This is my (tomva's) page to track how to decouple cyphesis.

By "decouple", I mean get it to a point where it is easy to run/build a cyphesis binary quite separate from the default worldforge config. The motivation for this is that then it will be easier for world creators to create their own configuration.

For the moment, this is mostly a journal of my attempts. Once I get things working I'll try to go back and put it into a more helpful walkthrough form.


Links

See WorldCreation for some walkthroughs of how to change world configuration using the default WorldForge configuration for cyphesis/cyclient/ember.

See DecouplingUseCases for some use cases I intend to support with my decoupling efforts.

See DecouplingEmber for a similar effort on the client.


Feature/Bugfix Requests

This is the list of feature and/or bugfix requests to which I keep adding as I work on decoupling. I may be able to make many of the changes myself, but of course it would be cool if other WorldForge developers wanted to tackle any of these.

I'm trying to keep these in priority order, with the highest priority on top.

Cyphesis List

  1. WorldForge libraries should always build their static libraries, even if they dynamically link by default. Rebuilding a static cyphesis should be a single rebuild, not a deep rebuild of all dependencies. I actually wonder if static builds shouldn't just be the default.
  2. Need clear error message when startup Python files aren't found. At the moment, you get "SCRIPT_ERROR" messages which aren't very informative.
  3. Atlas should use a real XML parsing engine! Probably a stream-based parser like libexpat. At the moment we have the worst of both worlds: XML's excessive verbosity but no support for basic features like XML comments.
  4. cyphesis shouldn't lock up when it can't find startup Python files. It can just exit. (may be a problem/feature of the Python libraries?) You can reproduce this by just copying cyphesis to some random filesystem directory and running it without any arguments. cyphesis hits 100% cpu and stays there.
  5. The --cyphesis:confdir argument should be used literally with no modifications. That is, cyphesis should not append a "/cyphesis" to the end of the path. In general, binaries shouldn't make assumptions about where files are located. Ideally, the binary should accept the path to a master config file on the command line, and all other config can be reached by starting from the master config file. See the "ideal" directory structure below.

Log

Here is the log of what I'm doing.

Decoupling Config Files

  1. Copy cyphesis on its own to a clean machine. I've got another machine running FC5, and it has never had any WorldForge files installed. I've copied cyphesis into a directory structure of my own making there, to see what the minimal steps are to get it running.
  2. I tried running cyphesis from there, but it complained that it couldn't find its config file.

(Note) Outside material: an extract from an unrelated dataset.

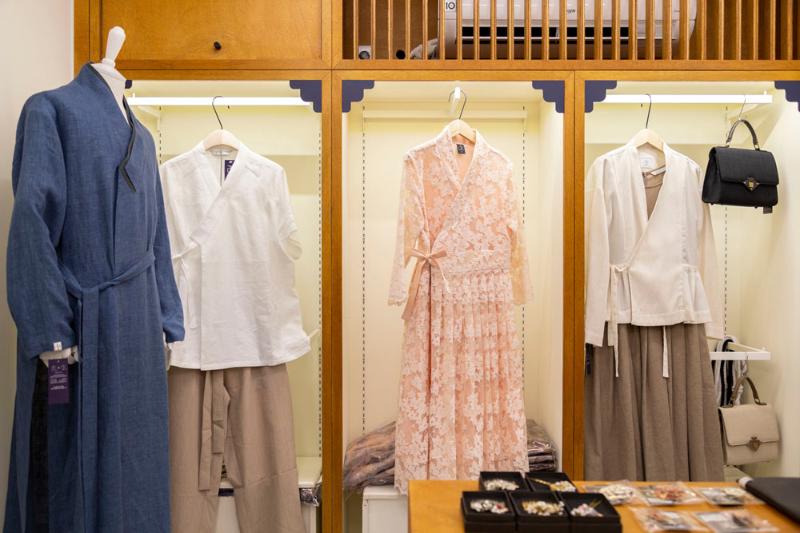 12 平米生活韩服店，白色&原木打造温馨空间-8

I copied over the base cyphesis config file (cyphesis.vconf from etc/cyphesis) and ran again using the --cyphesis:confdir=DIR argument.
  3. I hit one small snag: the command-line argument isn't authoritative: cyphesis will automatically add a "/cyphesis" sub-directory to whatever you pass in (bug listed above). So I updated my local directory structure to accommodate that.
  4. Next error: cyphesis wanted a tmp directory (fair enough!). Added one to the command line (the --cyphesis:vardir parameter).
  5. At this point cyphesis locked up and I had to kill it from another terminal (Ctrl-C wouldn't work). I think it was because cyphesis couldn't find the necessary python scripts, although the error messages weren't very descriptive.
  6. I wanted to rebuild a cyphesis with more logging, but then I ran into dynamic linking issues. I didn't want to copy over all the shared libraries, so I attempted to rebuild cyphesis statically. That was surprisingly difficult! I had to rebuild all of the dependent libraries :( I've added that as a feature request: libraries should build their static libraries always, since it is cheap to do and saves this sort of rebuild.
  7. Finally (after many rebuilds) I had an instrumented, static cyphesis build! It was clear there were multiple problems:
    1. When initializing python, there were errors looking for "hooks".
    2. When creating the WorldRouter, there were complaints about the "statistics.Statistics" python module
    3. Then there was a final message saying "Unable to open rule file", at which point cyphesis pegged the CPU
  8. I copied over all of the rulesets, and the mason.xml and basic.xml rule files. At this point, cyphesis was running. Now I needed to start stripping content out.
  9. Getting cyclient to run was simple: I just copied over the cyclient binary! It was able to use the existing config for cyphesis
  10. Furthermore, I was able to run [ember] on a remote machine and connect to this cyphesis server with no problems.

Here is what the current directory structure looks like (directories only, no files shown here):

  cyphesis
     bin
     etc
        cyphesis
     share
        cyphesis
           rulesets
              basic
              mason
     var
        tmp


This is what I wish it looked like:

  cyphesis
     bin
     etc
     rulesets
        basic
        mason
     var

That is, the "cyphesis" subdirectory names are redundant, as is "share". The simpler directory structure isn't possible right now (I think), because cyphesis has built into it some expectations about paths. But this is a pretty good start.

Now: working on the etc directory. Need to transform the xml files into a canonical format easier for humans/parsers. The basic.xml and mason.xml files will be compiled from a set of smaller, simpler specification files.


Atlas XML vs. Canonical Format

Actually, transforming the xml to a simpler format may not be worth it! I was able to write a quick reverse compiler, but the idiosyncracies of the Atlas format will be an issue. Here's an example: an apple tree from Mason.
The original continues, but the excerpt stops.